> TASK REQUIREMENTS
Could every line below be transcribed exactly, with the pictures dropped?

> GIVEN MATERIAL
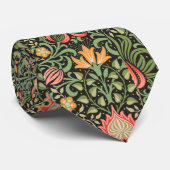 William Morris Persian Floral Antique Krawatte (Gerollt)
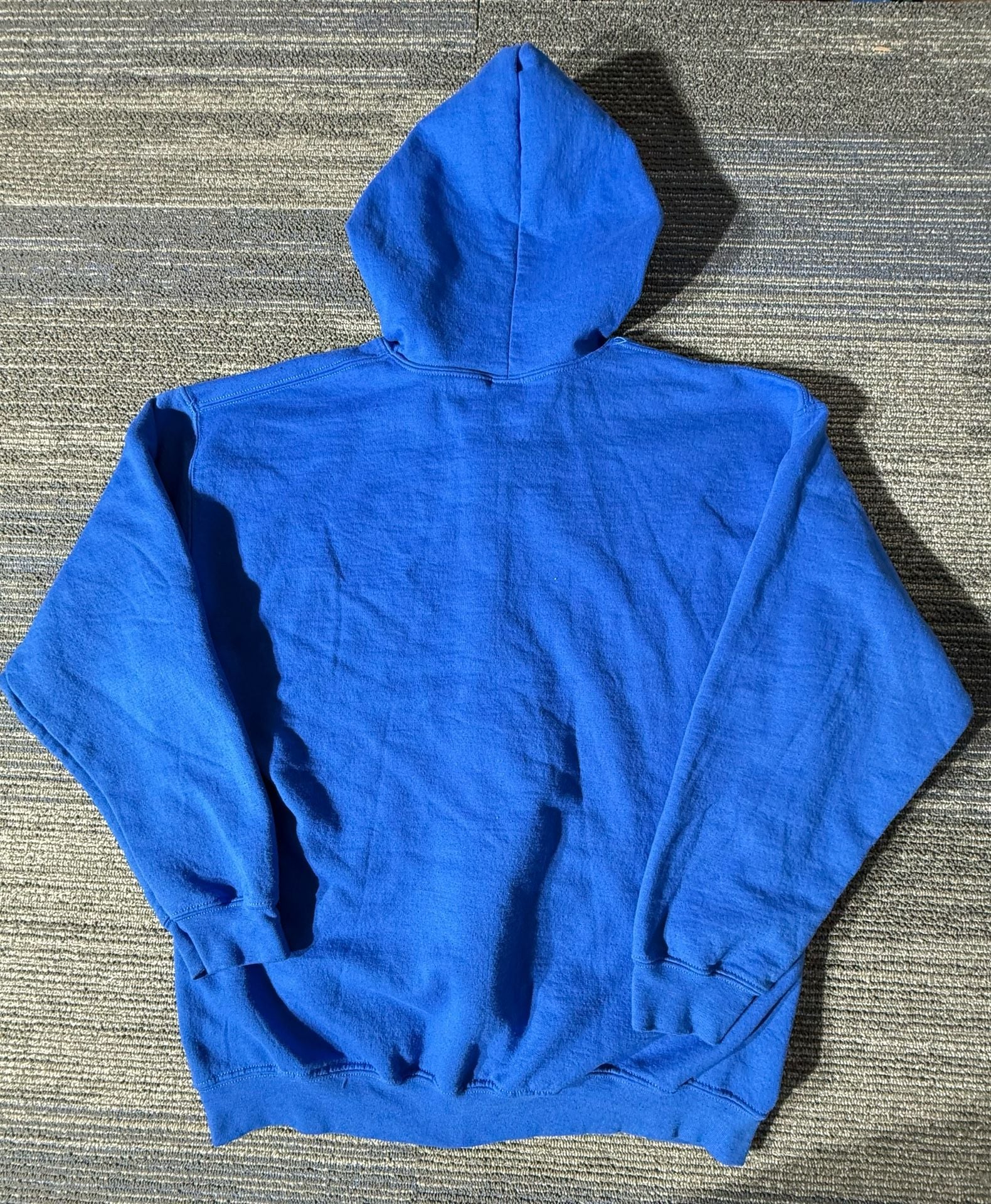 Gildan Pitt Panthers Zip Up Hoodie Size L Blue Fleece 7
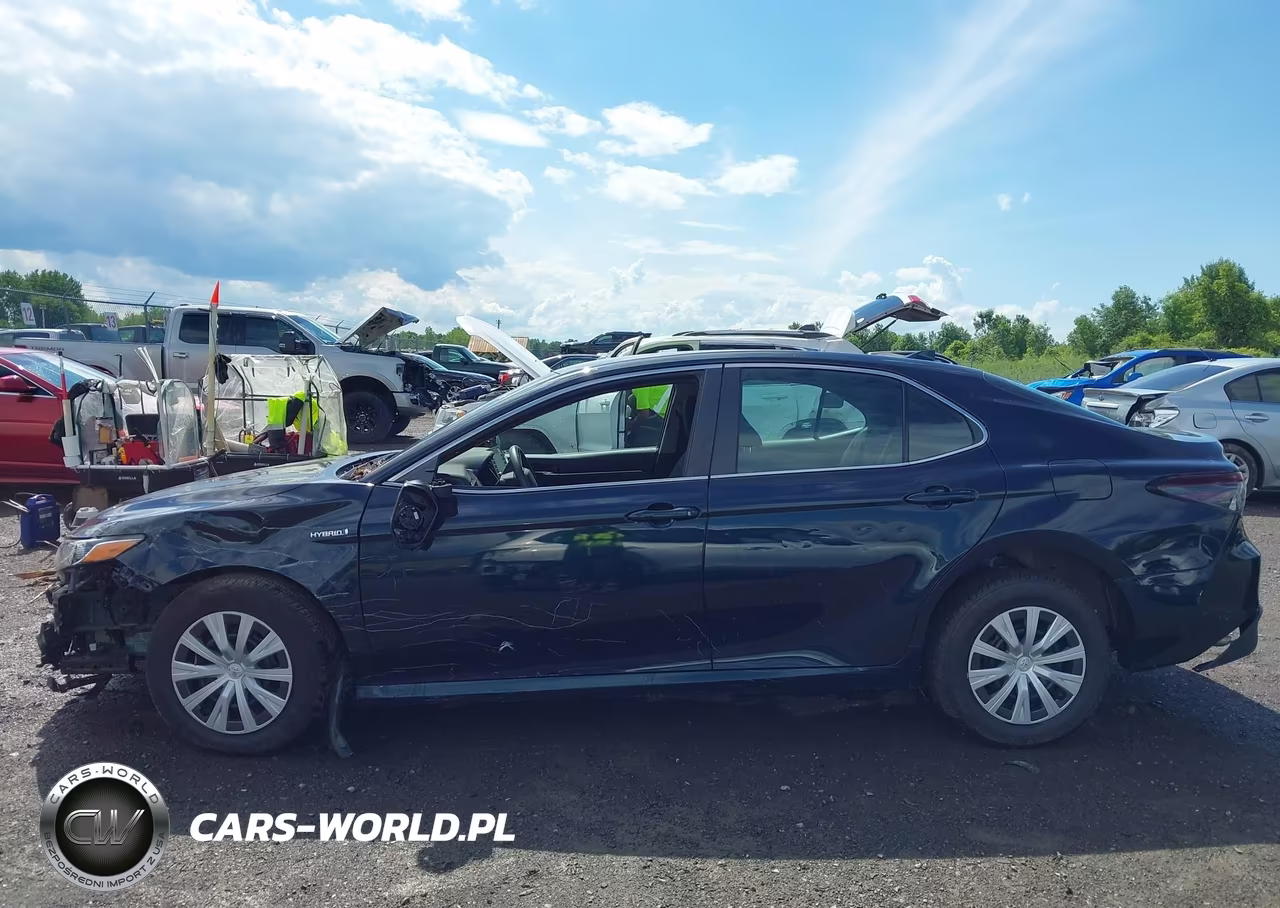 2021 Toyota Camry Le Hybrid VIN:4T1C31AK8MU023207 - 14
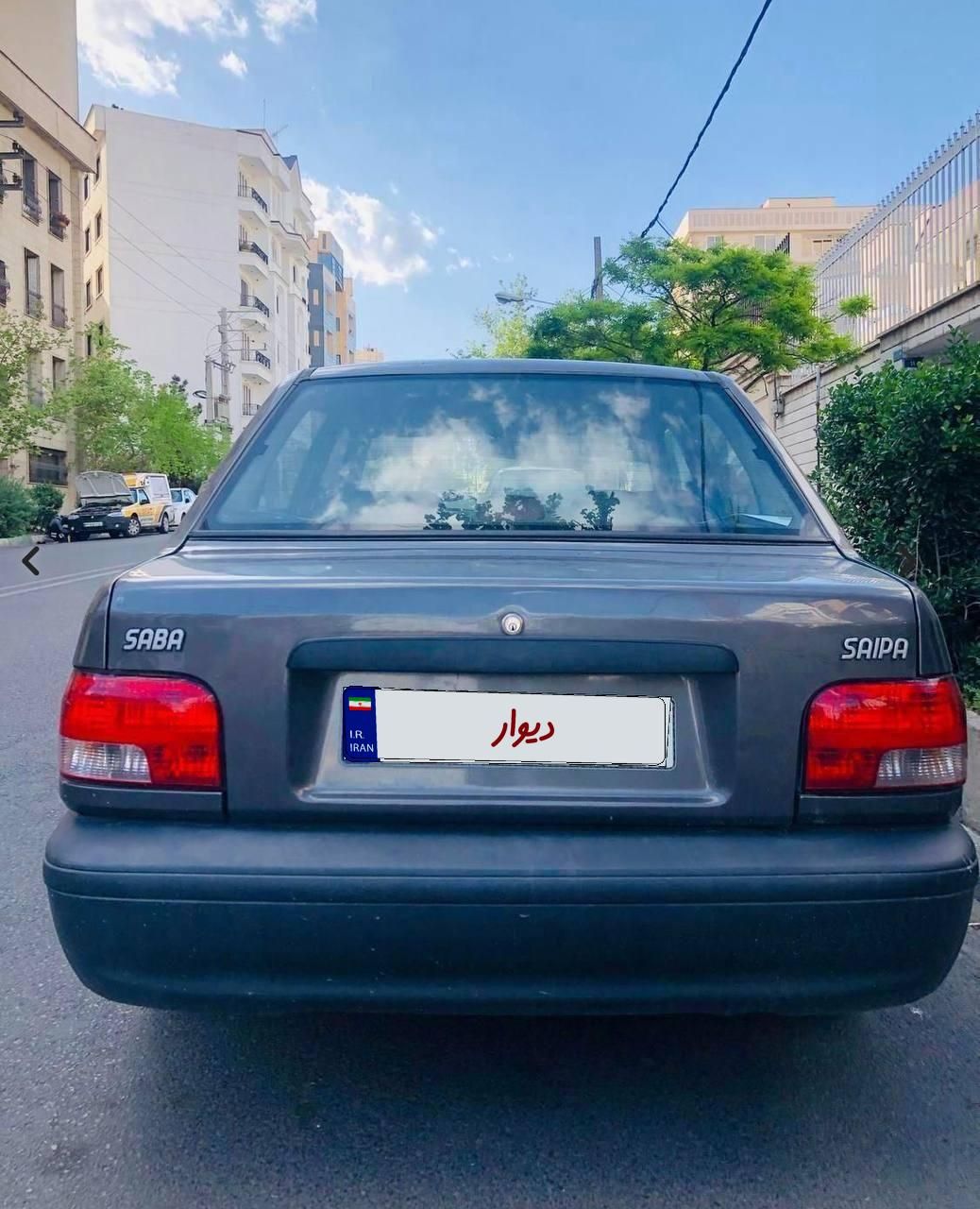 پراید صبا بنزینی - 1389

> SOLUTION FOR THIS TASK
 William Morris Persian Floral Antique Krawatte (Gerollt)
 Gildan Pitt Panthers Zip Up Hoodie Size L Blue Fleece 7
 2021 Toyota Camry Le Hybrid VIN:4T1C31AK8MU023207 - 14
 پراید صبا بنزینی - 1389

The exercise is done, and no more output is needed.